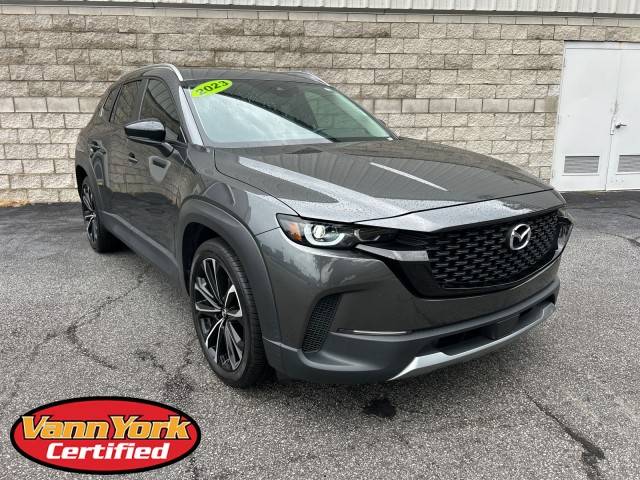 2023 Mazda CX-50 Turbo — SUV — 20,354 mi — High Point, NC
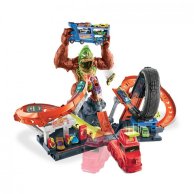 Игровой набор "Нападение токсичной гориллы" Hot Wheels (GTT94)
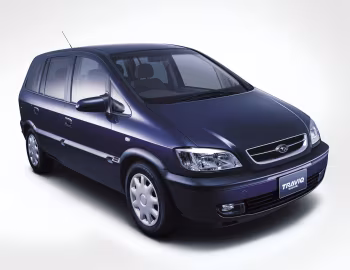 Subaru Traviq (XM) '2001–04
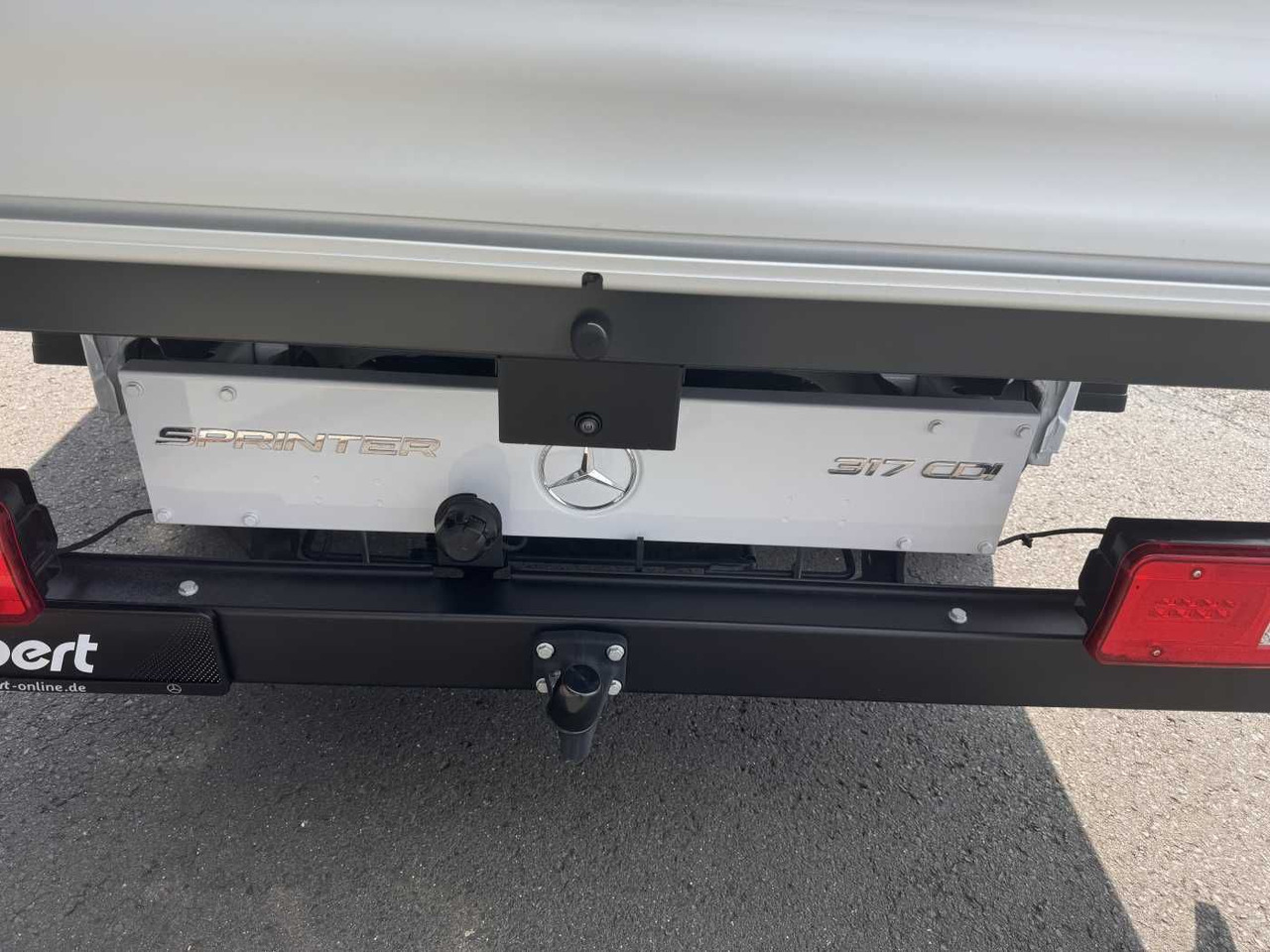 Mercedes-Benz Sprinter 317 CDI 9G 3665 Klima Kamera AHK LED - Тентований фургон: фото 5 Mercedes-Benz Sprinter 317 CDI 9G 3665 Klima Kamera AHK LED - Тентований фургон: фото 5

- YOUR TASK:
Write the material out again exactly. Skip each picture.

- ANSWER SECTION:
 2023 Mazda CX-50 Turbo — SUV — 20,354 mi — High Point, NC
 Игровой набор "Нападение токсичной гориллы" Hot Wheels (GTT94)
 Subaru Traviq (XM) '2001–04
 Mercedes-Benz Sprinter 317 CDI 9G 3665 Klima Kamera AHK LED - Тентований фургон: фото 5 Mercedes-Benz Sprinter 317 CDI 9G 3665 Klima Kamera AHK LED - Тентований фургон: фото 5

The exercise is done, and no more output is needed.